Francis Fukuyama, a registered Republican and a central figure in the rise of neoconservatism in the 1980s, widens his break with the movement by endorsing Barack Obama for president. Of Republicans, Fukuyama says, "Their two big things are fear of [terrorism] and fear of immigrants--that's not an agenda." He describes Obama as "the only one of the candidates who can escape the polarization" of American politics. Fukuyama's support should help Obama win over the critical swing voting bloc of political science graduate students.

On the other hand we have Doug Feith, who has taken to the op-ed page of the Wall Street Journal to chide President Bush for failing to make a compelling case, in 2003 and 2004, that the war in Iraq was justified primarily on national-security grounds (rather than as a democracy-promotion effort). Feith acknowledges that the failure to find WMD made this p.r. strategy a little tricky, but thinks the administration should have tried it anyway:

White House officials understandably preferred to declare affirmative messages about Iraq's future, rather than rehash the government's intelligence embarrassments. Even so, I thought it was a strategic error for the president to make no effort to defend the arguments that had motivated him before the war. Mr. Bush's political opponents were intent on magnifying the administration's mistakes regarding WMD. On television and radio, in print and on the Internet, day after day they repeated the claim that the undiscovered stockpiles were the sum and substance of why the U.S. went to war against Saddam.

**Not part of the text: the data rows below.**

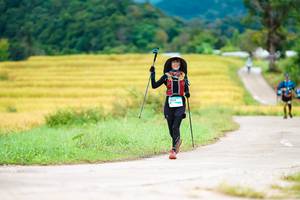 BIB: 
                            <button type="button" onclick="openModal(13443319)" class="btn btn-primary btn-sm float-right btn-popup" data-toggle="modal" data-target=".modal-high-quality">
                        <i class="fas fa-shopping-cart"></i> Add to Cart
                    </button>
                                            <button type="button" onclick="isThisMe(13443319, true)" class="btn btn-success btn-sm float-right btn-popup btn-isme hidden" data-toggle="tooltip" data-placement="bottom" title="นี่คือรูปของคุณใช่ไหม คลิกที่นี่เพื่อเอาเข้าอัลบั้ม">
                        <i class="fas fa-plus"></i> Add to album
                    </button>
                    <button type="button" onclick="isThisMe(13443319, false)" class="btn btn-warning btn-sm float-right btn-popup btn-isnotme hidden">
                        <i class="fas fa-ban"></i> Remove from album
                    </button>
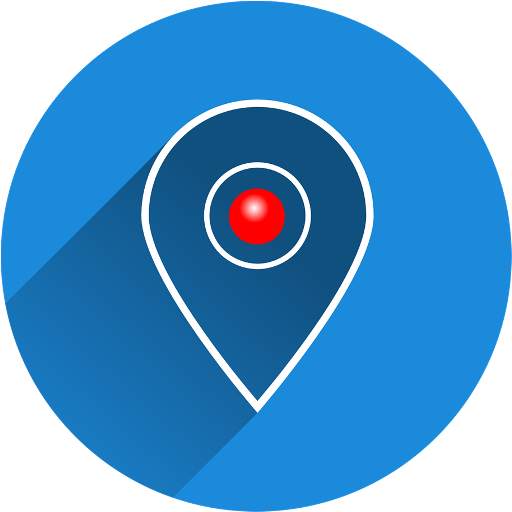My Location 1.6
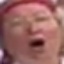 Face f_531811_226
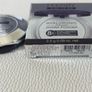 By Terry Mini To Go Hyaluronic Pressed Hydra-Powder 2.5g Image 3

Electoral politics aside, I thought it was important for national security reasons that the president refute his critics' misstatements. The CIA assessments of WMD were wrong, but they originated in the years before he became president and they had been accepted by Democratic and Republican members of Congress, as well as by the U.N. and other officials around the world. And, in any event, the erroneous WMD intelligence was not the entire security rationale for overthrowing Saddam.

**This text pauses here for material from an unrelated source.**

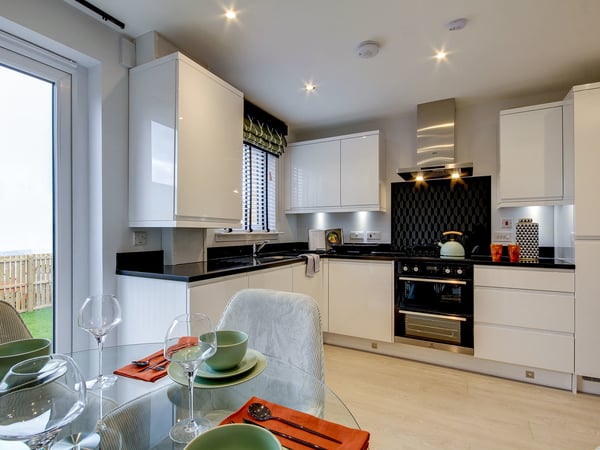 Plot 394 - The Brodick - Image 2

This would have been a somewhat dishonest strategy, of course, in that Bush didn't simply take the CIA's assessment at face value; he actively sought to play up the aspects of it that painted the situation in the most dire light possible, while playing down its less alarming findings. And it seems unlikely, to say the least, that the public would have responded well to a presidential attempt to pass the buck for intelligence failures to the CIA while simultaneously trying to insist that the whole WMD rationale wasn't all that critical anyway.

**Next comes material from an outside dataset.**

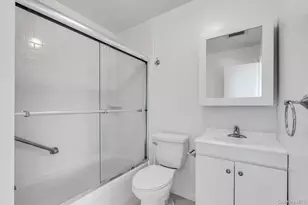 26 Namkee Ln, Blue Point, NY 11715 - Photo 19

But, more broadly, I think Feith underestimates how well the democracy-promotion argument served the pro-war side. He suggests putting "electoral politics aside," but in fact the outcome of the 2004 presidential election is clearly the single biggest reason (very nearly the only reason) why advocates of staying the course have managed to stave off calls for beginning a troop withdrawal. And while, in retrospect, the democracy-promotion argument was bound to fall apart once it became clear just how hard it would be to establish a functioning democracy in Iraq, in 2004 and 2005 it was compelling enough to provide a rationale for re-electing Bush and continuing the war for another four years.